Между строк, просто чтобы не забыть. В ноябре 1998 года группа сотрудников отправилась на матч Лиги чемпионов «Спартак» (Москва) – «Штурм» (Грац). Это была решающая игра, «Спартаку» для выхода в следующий раунд нужна была только победа. Ситуация требовала от каждого предельного напряжения всех имеющихся в наличии сил. И даже отчаянных поступков требовала ситуация. Виктор Викторович, стало быть, напрягся на поступок. Оценив драматичность момента, он тоже поехал поддержать команду. Все как положено, «на цветах», то есть с красно-белым шарфиком в полиэтиленовом пакетике.
Если говорить вообще, то самым экипированным и заряженным на борьбу был Олег Баранкин – еще совсем недавно записной конявый подпевала. Как всякий новообращенный он стремился быть святее Папы римского. Яростно подчеркивая свою принадлежность к принятой вере, Олег уделял первостепенное внимание, прежде всего, внешним атрибутам. И шарф у него имелся с прямо-таки нескромной надписью «hooligans», и шапка с помпончиком, и мегаваттная дудка, и то, что трудно было ожидать даже от Олега – идиотская огромная шляпа с бубенцами.
Увидев его в таком диком костюме, мы просто охуели… Простите, конечно, мне мой французский, но другие слова не в состоянии передать степень нашего неприятного удивления. Особенно удивился как раз заслуженный спартаковский суппортер Виктор Викторович, державший свою «розу», повторяю, в пакете. Он намеревался повязать ее только непосредственно на секторе, да и то не слишком напоказ.

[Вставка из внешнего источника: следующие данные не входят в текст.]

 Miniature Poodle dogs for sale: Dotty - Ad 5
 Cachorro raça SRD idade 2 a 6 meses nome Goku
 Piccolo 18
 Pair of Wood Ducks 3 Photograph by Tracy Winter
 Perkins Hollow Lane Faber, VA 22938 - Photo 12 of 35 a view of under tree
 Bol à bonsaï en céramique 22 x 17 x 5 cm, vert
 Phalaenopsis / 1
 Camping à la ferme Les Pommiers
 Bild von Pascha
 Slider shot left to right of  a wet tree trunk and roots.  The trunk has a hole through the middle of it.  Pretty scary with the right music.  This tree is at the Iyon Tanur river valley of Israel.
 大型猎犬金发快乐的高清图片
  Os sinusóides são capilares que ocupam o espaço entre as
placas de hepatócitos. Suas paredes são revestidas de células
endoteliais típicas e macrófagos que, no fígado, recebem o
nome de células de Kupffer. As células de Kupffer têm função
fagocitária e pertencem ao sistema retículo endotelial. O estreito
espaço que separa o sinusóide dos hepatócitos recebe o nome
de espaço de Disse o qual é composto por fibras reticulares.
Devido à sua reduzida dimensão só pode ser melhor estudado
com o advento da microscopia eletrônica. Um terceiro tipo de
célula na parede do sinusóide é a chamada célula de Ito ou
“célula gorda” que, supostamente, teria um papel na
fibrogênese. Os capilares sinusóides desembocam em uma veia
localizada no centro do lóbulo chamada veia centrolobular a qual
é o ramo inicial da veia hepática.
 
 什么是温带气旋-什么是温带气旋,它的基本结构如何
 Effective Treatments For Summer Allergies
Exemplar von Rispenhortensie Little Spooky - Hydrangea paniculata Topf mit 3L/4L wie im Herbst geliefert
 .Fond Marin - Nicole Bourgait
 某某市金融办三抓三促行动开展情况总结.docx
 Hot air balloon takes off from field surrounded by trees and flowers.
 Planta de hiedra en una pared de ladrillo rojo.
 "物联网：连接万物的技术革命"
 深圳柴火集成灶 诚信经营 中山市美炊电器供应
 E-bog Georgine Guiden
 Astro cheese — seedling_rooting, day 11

Подвергнув Олега жесткой, нелицеприятной критике, мы потребовали прекратить позорить коллектив, и немедленно выбросить хотя бы дудку и клоунский колпак.
Тут уже настала олегова очередь изумляться.
А как же тогда я буду поддерживать любимый клуб, если выброшу дудку?! – в ярости вопрошал он.
Как же тогда Егор Титов и Андрей Тихонов узнают, что некто Олежа Баранкин, а вместе с ним и вся Москва Златоглавая верит в них и надеется на победу?!
А Вася? Вася Баранов – почти однофамилец и любимейший правый хавбек, – как же он-то!? Без олеговой дудки-то?!
Валерьян обнял Олега за плечи, отвел в сторонку и пару минут что-то жарко ему втолковывал. Олег был печален, но подчинился непреклонной воле большинства.
– Не грусти, Олег Алексеевич, – утешил его Цеков. – Покричишь «Оле-оле!», да и будет с тебя.
Перед матчем, ввиду прохладной ноябрьской погоды, хорошенько размялись. Коньячок там, пара яблочек, немного водочки… И вот ветеран наш, Виктор Викторович в предстартовом волнении предложенных нагрузок не осилил. Объелся то есть кексов. Обожрался даже.
На сектор его еще по какому-то недоразумению милиционеры пропустили, но там, в дружеской обстановке и среди своих он совершенно обмяк. Почти всю игру Виктор Викторович тихо пропечалился, сидя в кресле. Подвывал там себе что-то заунывное под нос, кажется, про «Таганку, ночи полные огня…» и в целом впечатления не портил.